TASK INSTRUCTIONS: Only an exact repetition is needed: the lines from the start of the listing below through the line that contains "Hey there, thanks", pictures omitted.

╭─ SOURCE MATERIAL

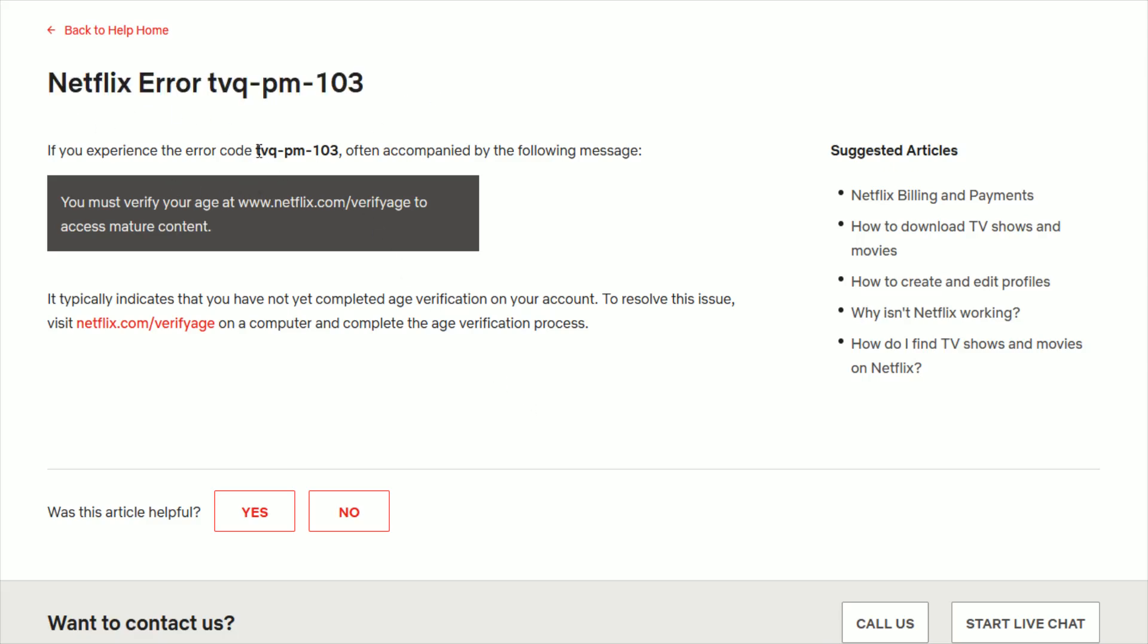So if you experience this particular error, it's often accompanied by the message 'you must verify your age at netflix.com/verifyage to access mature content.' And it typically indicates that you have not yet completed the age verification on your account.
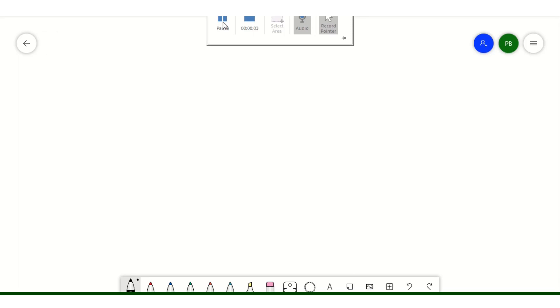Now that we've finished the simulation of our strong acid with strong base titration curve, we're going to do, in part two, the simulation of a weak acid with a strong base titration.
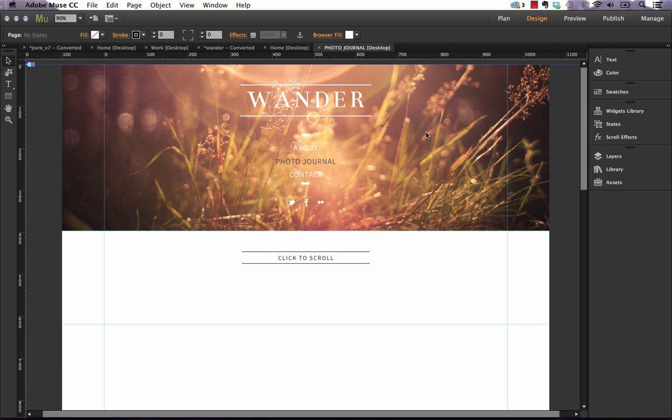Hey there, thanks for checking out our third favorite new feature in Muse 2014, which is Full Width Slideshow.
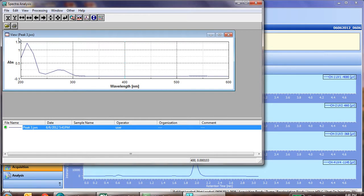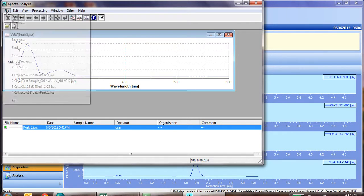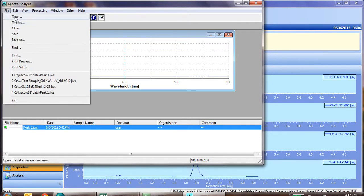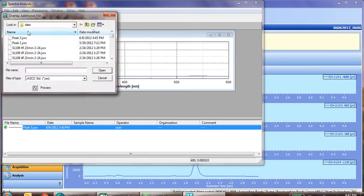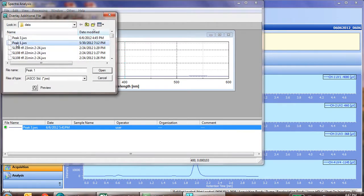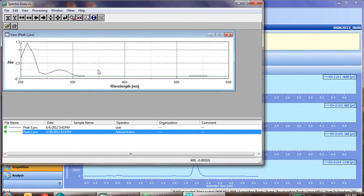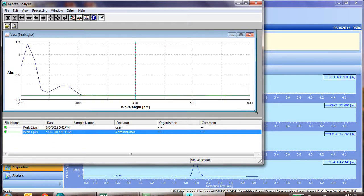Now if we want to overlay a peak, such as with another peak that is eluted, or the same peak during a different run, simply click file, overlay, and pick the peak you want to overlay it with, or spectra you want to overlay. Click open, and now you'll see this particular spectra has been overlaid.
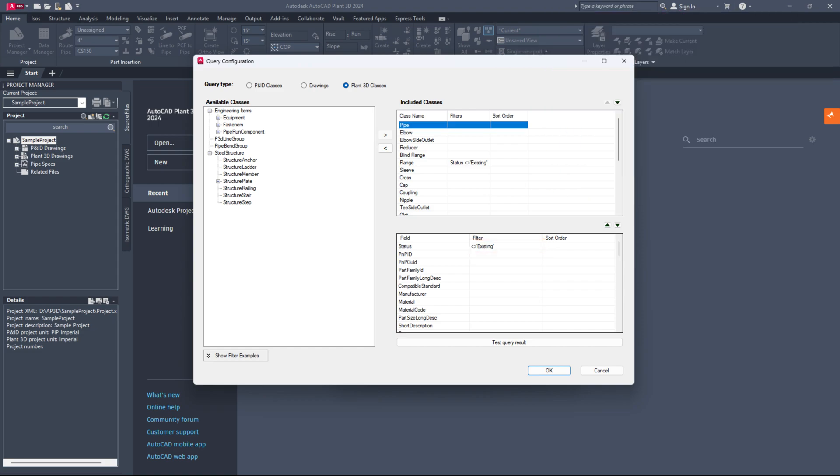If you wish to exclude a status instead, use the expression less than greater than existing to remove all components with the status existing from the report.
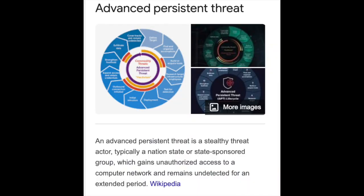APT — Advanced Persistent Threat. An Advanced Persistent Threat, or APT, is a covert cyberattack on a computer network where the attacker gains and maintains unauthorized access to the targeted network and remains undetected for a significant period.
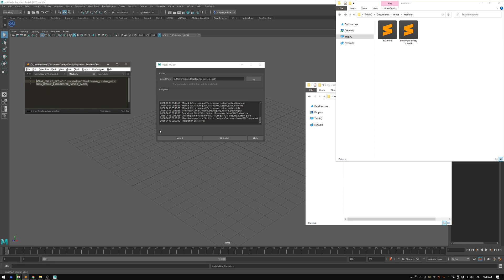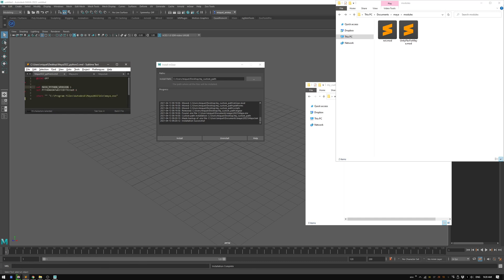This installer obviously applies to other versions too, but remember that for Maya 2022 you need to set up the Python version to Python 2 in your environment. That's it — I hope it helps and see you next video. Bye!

╰─

RESPONSE:
So if you experience this particular error, it's often accompanied by the message 'you must verify your age at netflix.com/verifyage to access mature content.' And it typically indicates that you have not yet completed the age verification on your account.
Now that we've finished the simulation of our strong acid with strong base titration curve, we're going to do, in part two, the simulation of a weak acid with a strong base titration.
Hey there, thanks for checking out our third favorite new feature in Muse 2014, which is Full Width Slideshow.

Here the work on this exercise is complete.